# WHAT YOU NEED TO DO
After locating the line that contains "Ballı ekmek uyarı", output that line and each one following it, exactly, to the end of the entries. No pictures.
^^^^
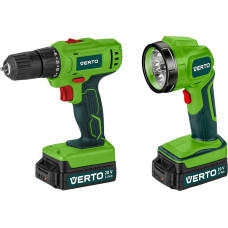 Verto Drill/driver 50G293 20 V 2 x 1.5 Ah battery + flashlight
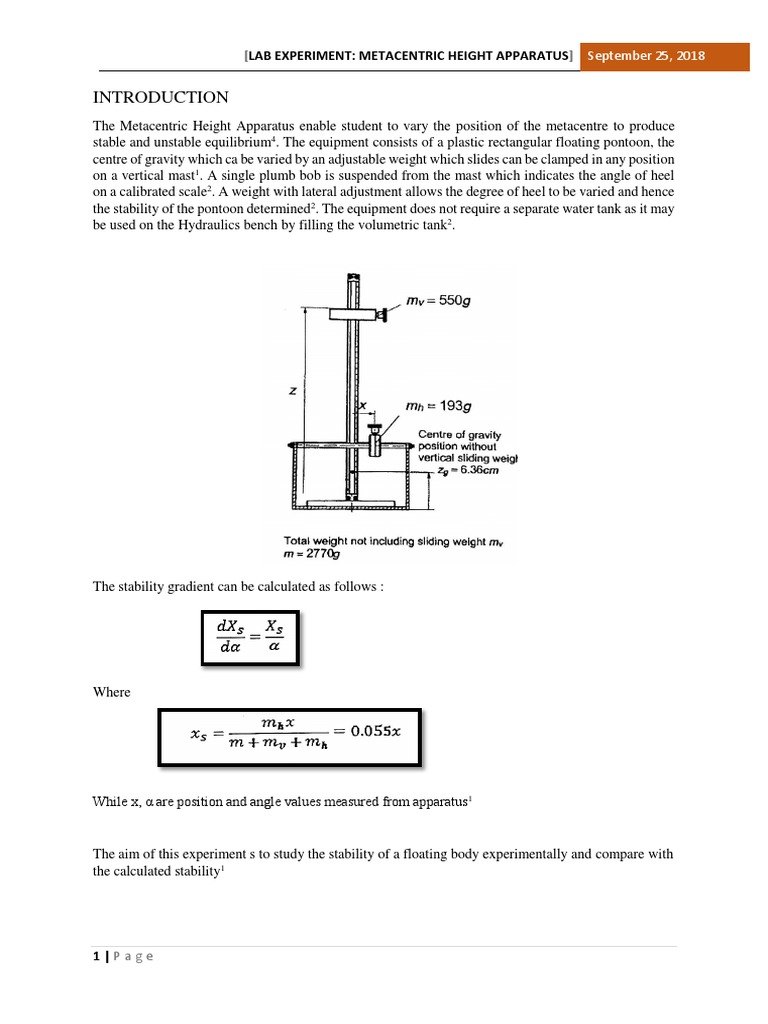 Metacentric Height Experiment Report | PDF | Buoyancy | Mass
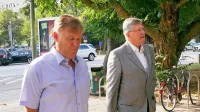 Odvetnik  Danilo  Grilj (levo), ki zagovarja  Alojza Bolčino, in  Dušan  
Črnigoj, nekdanji prvi mož  Primorja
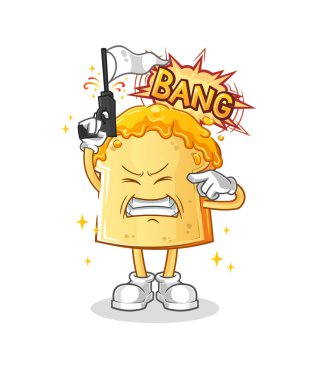 Ballı ekmek uyarı atışı maskotu. çizgi film vektörü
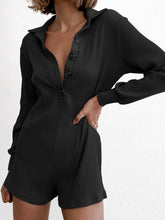 Load image into Gallery viewer, Casual Solid Color Lapel Long Sleeve Jumpsuit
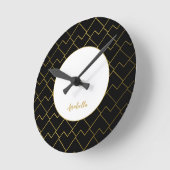 Trendy Chic Geometric Golden Blush Tiles Pattern Ronde Klok (Hoek)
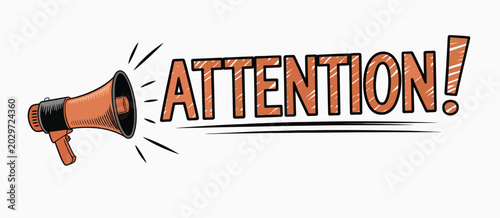 Bild auf Leinwand Attention warning sign isolated on white background, important notification alert symbol concept for caution awareness safety announcement and emergency information modern vector illustrations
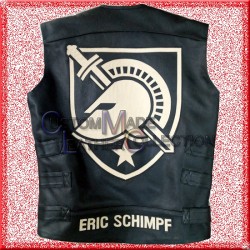 Men's Motorcycle Leather Vest with Front Zip/Biker Leather Vest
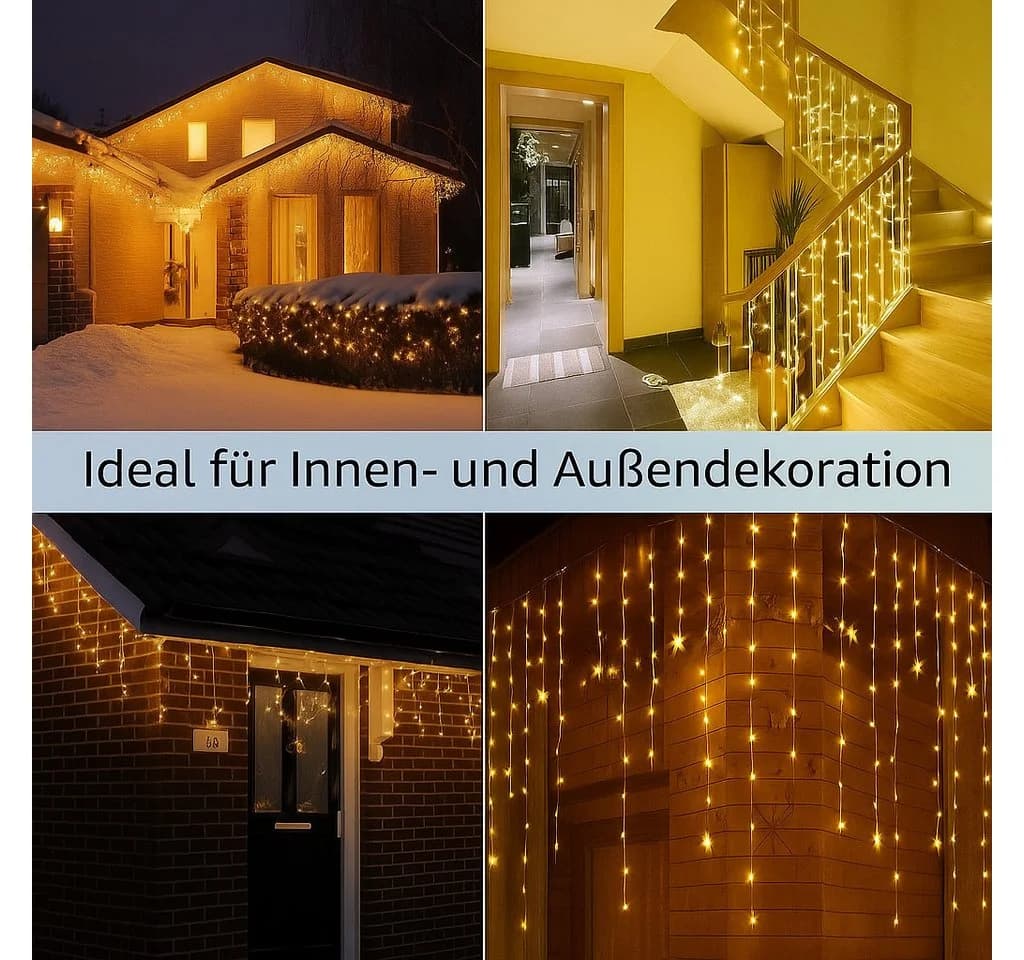 Diyarts LED-Lichternetz 480-flammig 15,75m Warmweiß & Kaltweiß 11 Modi Timer Fernbedienung - Bild 4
^^^^
# TASK RESULT
 Ballı ekmek uyarı atışı maskotu. çizgi film vektörü
 Load image into Gallery viewer, Casual Solid Color Lapel Long Sleeve Jumpsuit
 Trendy Chic Geometric Golden Blush Tiles Pattern Ronde Klok (Hoek)
 Bild auf Leinwand Attention warning sign isolated on white background, important notification alert symbol concept for caution awareness safety announcement and emergency information modern vector illustrations
 Men's Motorcycle Leather Vest with Front Zip/Biker Leather Vest
 Diyarts LED-Lichternetz 480-flammig 15,75m Warmweiß & Kaltweiß 11 Modi Timer Fernbedienung - Bild 4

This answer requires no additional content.